01 February 2025 :
January 30, 2025 - MONTANA. Montana House narrowly rejects bill intended to allow death penalty to resume
The Montana House has narrowly voted down a bill that would have changed the laws on lethal injection and could have allowed the state to again carry out executions.
House Bill 205, sponsored by Rep. Shannon Maness, R-Dillon, fell two votes short on the House floor Thursday, 49-51.
Montana has been effectively unable to administer the death penalty since a 2015 court ruling. District Judge Jeffrey Sherlock, of Helena, ruled that pentobarbital – the drug the state was planning to use for lethal injections – did not qualify as “ultra-fast-acting,” a requirement under the current law. He blocked the state from using it “unless and until the statute authorizing lethal injection is modified in conformance with this decision.”
9 Republicans joined all 42 Democrats in voting against the bill, while the remaining 49 Republicans supported it.

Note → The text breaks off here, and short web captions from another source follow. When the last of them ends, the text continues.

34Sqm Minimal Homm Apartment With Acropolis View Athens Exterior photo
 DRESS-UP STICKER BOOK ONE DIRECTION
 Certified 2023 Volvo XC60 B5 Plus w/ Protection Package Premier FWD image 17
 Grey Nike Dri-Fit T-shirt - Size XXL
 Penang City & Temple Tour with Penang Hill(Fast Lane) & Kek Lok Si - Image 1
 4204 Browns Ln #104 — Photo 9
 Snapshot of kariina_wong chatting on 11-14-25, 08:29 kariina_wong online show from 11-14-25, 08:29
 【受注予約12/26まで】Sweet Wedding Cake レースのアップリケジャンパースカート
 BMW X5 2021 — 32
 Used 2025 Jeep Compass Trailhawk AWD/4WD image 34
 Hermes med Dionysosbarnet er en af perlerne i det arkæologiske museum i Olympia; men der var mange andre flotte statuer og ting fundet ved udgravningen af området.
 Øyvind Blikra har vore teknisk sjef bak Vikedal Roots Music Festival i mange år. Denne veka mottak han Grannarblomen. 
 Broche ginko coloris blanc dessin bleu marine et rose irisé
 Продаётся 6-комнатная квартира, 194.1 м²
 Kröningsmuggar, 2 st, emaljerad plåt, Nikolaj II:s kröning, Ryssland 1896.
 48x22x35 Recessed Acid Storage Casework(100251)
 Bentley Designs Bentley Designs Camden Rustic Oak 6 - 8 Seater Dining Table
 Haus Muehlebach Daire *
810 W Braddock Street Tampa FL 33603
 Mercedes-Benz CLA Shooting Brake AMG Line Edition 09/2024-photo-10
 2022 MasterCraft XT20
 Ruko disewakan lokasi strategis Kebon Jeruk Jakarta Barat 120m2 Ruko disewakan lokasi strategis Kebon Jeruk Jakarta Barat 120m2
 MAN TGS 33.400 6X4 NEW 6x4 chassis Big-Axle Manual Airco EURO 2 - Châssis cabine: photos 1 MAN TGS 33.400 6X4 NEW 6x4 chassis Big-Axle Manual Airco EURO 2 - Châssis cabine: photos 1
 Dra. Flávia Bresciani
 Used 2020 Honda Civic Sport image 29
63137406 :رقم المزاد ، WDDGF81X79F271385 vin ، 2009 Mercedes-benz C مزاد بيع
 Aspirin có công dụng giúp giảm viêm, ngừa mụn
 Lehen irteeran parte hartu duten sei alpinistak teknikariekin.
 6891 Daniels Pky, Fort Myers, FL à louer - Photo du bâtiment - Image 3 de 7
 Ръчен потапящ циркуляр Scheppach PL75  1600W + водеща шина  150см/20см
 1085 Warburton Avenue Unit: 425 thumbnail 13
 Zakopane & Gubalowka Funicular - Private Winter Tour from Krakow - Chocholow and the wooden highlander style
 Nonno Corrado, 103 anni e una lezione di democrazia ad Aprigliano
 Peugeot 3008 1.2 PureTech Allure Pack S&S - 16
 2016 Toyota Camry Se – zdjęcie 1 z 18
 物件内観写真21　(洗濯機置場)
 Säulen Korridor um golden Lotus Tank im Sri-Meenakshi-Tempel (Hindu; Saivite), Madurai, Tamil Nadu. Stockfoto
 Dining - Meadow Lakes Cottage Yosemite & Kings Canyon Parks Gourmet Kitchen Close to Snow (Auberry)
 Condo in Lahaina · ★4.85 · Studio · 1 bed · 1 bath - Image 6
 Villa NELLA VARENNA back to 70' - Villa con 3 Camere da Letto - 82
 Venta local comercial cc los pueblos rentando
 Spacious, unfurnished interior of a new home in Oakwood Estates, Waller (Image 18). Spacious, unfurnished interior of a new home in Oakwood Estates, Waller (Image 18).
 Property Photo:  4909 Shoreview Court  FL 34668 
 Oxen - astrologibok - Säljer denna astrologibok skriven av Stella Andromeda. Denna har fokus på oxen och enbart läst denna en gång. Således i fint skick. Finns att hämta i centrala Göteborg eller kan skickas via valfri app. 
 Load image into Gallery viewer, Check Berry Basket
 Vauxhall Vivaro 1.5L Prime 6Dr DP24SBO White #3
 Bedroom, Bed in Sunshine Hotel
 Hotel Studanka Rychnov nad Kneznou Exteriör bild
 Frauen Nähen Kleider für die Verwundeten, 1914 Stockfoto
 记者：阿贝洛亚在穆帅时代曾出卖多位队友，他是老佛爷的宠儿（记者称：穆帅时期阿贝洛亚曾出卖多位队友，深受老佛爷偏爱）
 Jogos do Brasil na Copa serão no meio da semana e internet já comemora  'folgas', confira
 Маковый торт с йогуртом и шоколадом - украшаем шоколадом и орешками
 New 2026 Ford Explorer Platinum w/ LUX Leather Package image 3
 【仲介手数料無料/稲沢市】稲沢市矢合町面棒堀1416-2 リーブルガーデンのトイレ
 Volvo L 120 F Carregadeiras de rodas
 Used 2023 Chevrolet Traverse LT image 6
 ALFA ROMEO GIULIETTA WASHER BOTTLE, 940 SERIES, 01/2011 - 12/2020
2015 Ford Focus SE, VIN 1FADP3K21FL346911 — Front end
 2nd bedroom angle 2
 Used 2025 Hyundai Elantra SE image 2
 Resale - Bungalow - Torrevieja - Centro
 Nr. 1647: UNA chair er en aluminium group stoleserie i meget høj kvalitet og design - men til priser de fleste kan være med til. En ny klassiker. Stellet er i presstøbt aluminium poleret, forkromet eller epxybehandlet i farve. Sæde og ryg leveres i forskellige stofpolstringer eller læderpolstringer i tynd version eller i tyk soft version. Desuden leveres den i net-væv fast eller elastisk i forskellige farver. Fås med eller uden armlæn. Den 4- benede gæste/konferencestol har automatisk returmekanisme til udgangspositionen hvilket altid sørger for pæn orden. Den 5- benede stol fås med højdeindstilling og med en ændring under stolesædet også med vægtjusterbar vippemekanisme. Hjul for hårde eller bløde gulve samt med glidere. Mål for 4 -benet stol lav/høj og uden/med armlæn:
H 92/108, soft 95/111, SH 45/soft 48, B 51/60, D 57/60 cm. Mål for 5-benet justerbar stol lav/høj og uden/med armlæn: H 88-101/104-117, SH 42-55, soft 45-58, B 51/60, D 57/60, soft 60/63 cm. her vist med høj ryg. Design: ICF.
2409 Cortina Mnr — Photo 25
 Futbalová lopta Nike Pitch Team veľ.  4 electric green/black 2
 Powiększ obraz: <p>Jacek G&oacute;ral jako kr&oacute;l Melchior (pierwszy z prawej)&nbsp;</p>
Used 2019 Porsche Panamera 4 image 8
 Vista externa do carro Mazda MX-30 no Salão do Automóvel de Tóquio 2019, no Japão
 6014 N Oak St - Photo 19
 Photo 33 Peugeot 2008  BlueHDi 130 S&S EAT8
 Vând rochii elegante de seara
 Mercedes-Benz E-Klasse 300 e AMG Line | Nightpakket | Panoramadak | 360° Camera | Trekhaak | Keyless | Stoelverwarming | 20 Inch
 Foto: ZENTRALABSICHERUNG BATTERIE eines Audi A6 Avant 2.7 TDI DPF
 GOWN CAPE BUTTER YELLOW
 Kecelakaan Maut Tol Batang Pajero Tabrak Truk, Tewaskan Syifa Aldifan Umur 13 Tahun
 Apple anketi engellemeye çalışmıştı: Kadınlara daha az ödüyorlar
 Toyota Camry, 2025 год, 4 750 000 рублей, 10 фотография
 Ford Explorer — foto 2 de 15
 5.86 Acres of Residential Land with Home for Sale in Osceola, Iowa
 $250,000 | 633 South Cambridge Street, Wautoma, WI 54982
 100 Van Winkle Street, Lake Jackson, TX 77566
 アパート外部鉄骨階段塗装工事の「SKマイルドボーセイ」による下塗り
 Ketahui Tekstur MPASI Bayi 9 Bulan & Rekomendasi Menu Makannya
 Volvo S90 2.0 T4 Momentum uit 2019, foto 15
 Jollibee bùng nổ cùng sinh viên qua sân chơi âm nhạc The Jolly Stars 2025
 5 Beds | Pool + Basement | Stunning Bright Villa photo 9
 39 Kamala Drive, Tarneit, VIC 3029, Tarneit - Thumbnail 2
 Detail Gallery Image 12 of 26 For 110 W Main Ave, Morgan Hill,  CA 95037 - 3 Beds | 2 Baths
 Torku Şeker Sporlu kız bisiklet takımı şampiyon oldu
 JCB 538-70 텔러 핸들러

This is the 3rd session in a row that the Legislature has considered bills to remove the “ultra-fast-acting” requirement. In 2021, the bill fell 2 votes short in the Senate, and in 2023, it failed by 1 vote on the Senate floor.
Montana currently has 2 prisoners sentenced to death: Ronald Smith, first sentenced in 1983, and William Gollehon, sentenced in 1992. The last time the state executed a prisoner was in 2006, when David Dawson was put to death at Montana State Prison.